To comment on the platforms it was always envisioned/intended it would
run on - they would be from the MSP430, through Cortex-M3/ARM7/PIC32/
RX600, to the low end ARM9 type platform. However, I know of people
using it on ARM11, A8 and Atom CPUs. There is no reason not to use it
on those CPUs, if it makes sense for your particular application, but
normally once that (in FreeRTOS terms) lofty level was reached, there
would be a better alternative.

So I would be curious to know what motivation others have to run OS’s like
FreeRTOS on an rather well endowed Cortex-A8 based SBC.

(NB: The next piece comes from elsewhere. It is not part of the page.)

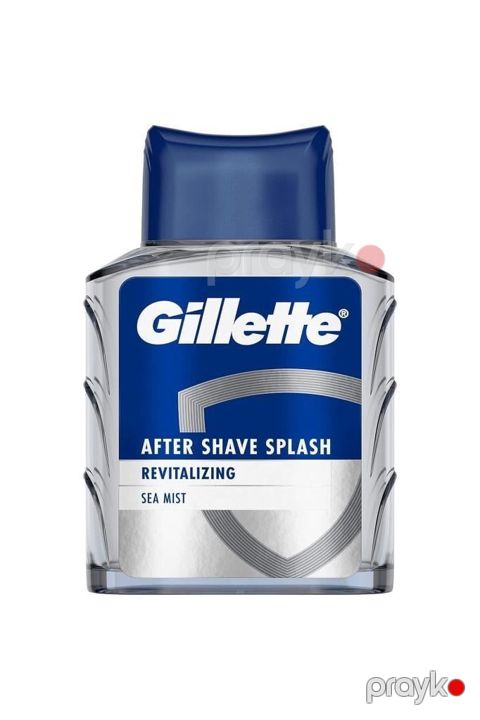 Losyon təraşdan sonra Gillette Revitalizing Sea Mist 100 ml — Bakı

Appreciate the response, Richard. I am sure people would have a better understanding once they see more projects based on such use.

cheers,
Jay

Hi jay,
I am manish.Trying use FreeRTOS on beagle board xm.
I am curious to know how did you manage to get the tcpip stack up and
running on BBxm with FreeRTOS.I am finding it difficult to
find the approprate usb to ethernet adapter driver which would work
with freertos on BBxm.
The tcpIp stack i am looking at is eitehr freeTCPIP or Iwip.

Regards
Manish

Does anyone here have the supported uboot.bin file for booting freertos discussed here:

http://www.freertos.org/index.html?http://interactive.freertos.org/entries/20168818-freertos-port-for-ti-beagleboard-omap3530

The server seemed to be down or there’s nothing on the git repo.